AST: Audio Spectrogram Transformer

The paper can be accessed from here

This paper is the first convolution-free, purely attention-based model for audio classification.

Background

CNN have been widely used to learn representations from raw spectrograms for end-to-end modelling
Add a self-attention mechanism on the top of the CNN to better capture long-range global context
Have achieved state-of-the-art (SOTA) results for many audio classification tasks
The success of purely attention-based models in the vision domain

CNN-based models typically require architecture tuning to obtain optimal performance for different tasks.
SOTA CNN-attention hybrid models have more complicated architecture with lots of parameters.

Build a convolution-free, purely attention-based model for audio classification which features a simple architecture and superior performance.
Achieve better performance with a simpler architecture with fewer parameters.

The input audio waveform of t seconds is converted into a sequence of 128-D log Mel filterbank features computed with a 25 ms Hamming window every 10ms. (128 * 100t spectrogram)
Split the spectrogram into a sequence of N 16 * 16 patches with an overlap of 6 in both time and frequency dimension
Flatten each 16 * 16 patch to a 1D patch embedding of size 768 using a linear projection layer
Add a trainable positional embedding (size 768) to each patch embedding
Append a [CLS] token at the beginning of the sequence
Propose an approach for transferring knowledge from the Vision Transformer (ViT) pretrained on ImageNet to AST
propose a cut and bi-linear interpolate method for positional embedding adaptation.

AudioSet – a collection of over 2 million 10-second audio clips contains from a set of 527 labels
ESC-50 – consists of 2,000 5-second environmental audio recordings organized into 50 classes
Speech Commands V2 – consists of 105,829 1-second recordings of 35 common speech commands

Use weight averaging strategies
Use ensemble strategies

Ensemble-S: run three times with the exact same setting, but with a different random seed.

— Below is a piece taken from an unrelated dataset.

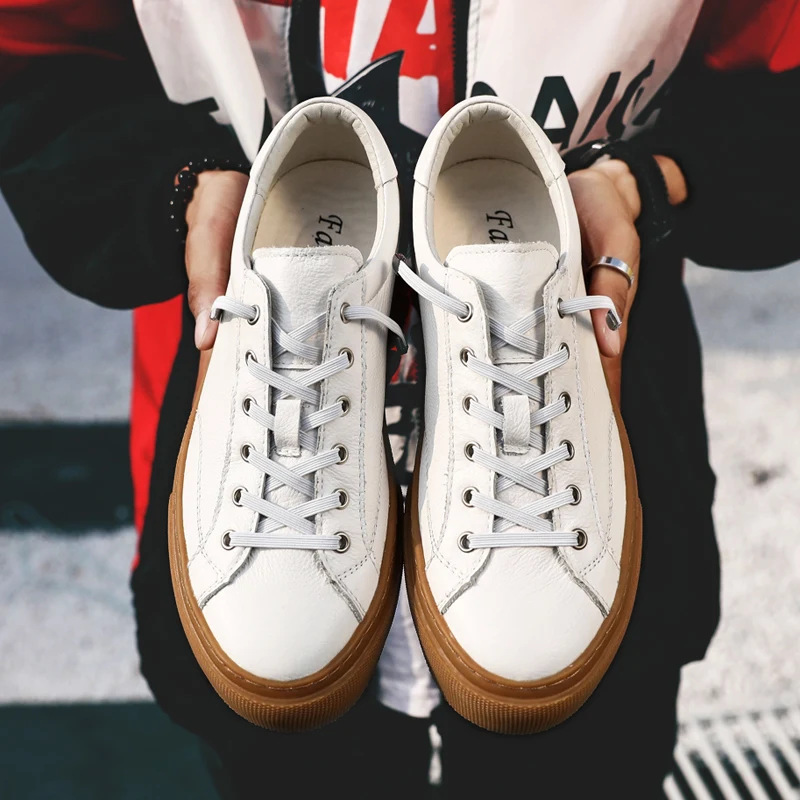 Men's leather sneakers, fashionable, comfortable, casual platform soles, oxford shoes, elastic board shoes, small white shoes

Ensemble-M: ensemble the three models in Ensemble-S together with another three models trained with different patch split strategies.
Compare AST with the SOTA models in two setting

AST-S: train an AST model with only ImageNet pretraining

AST-P: train an AST model with ImageNet and AudioSet pretraining

Impact of ImageNet Pretraining: ImageNet pretraining can greatly reduce the demand for in-domain audio data for AST.
Impact of Positional Embedding Adaptation: reinitializing positional embedding does not completely break the pretrained model, but it leads to a noticeable performance drop. Bi-linear interpolation and nearest-neighbor interpolation do not result in a big difference.
Impact of Patch Split Overlap: the performance improves with the overlap size for both balanced and full set experiments.
Impact of Patch Shape and Size: when the area of the patch is the same (256), 128 * 2 rectangle patches perform better than 16 * 16 square patches. But considering there is not 128 * 2 patch based ImageNet pretrained models, using 16 * 16 patches is still the current optimal solution.

AST feature a simple architecture and superior performance
The final performance of AST on all three datasets indicated the potential for AST use as a generic audio classifier.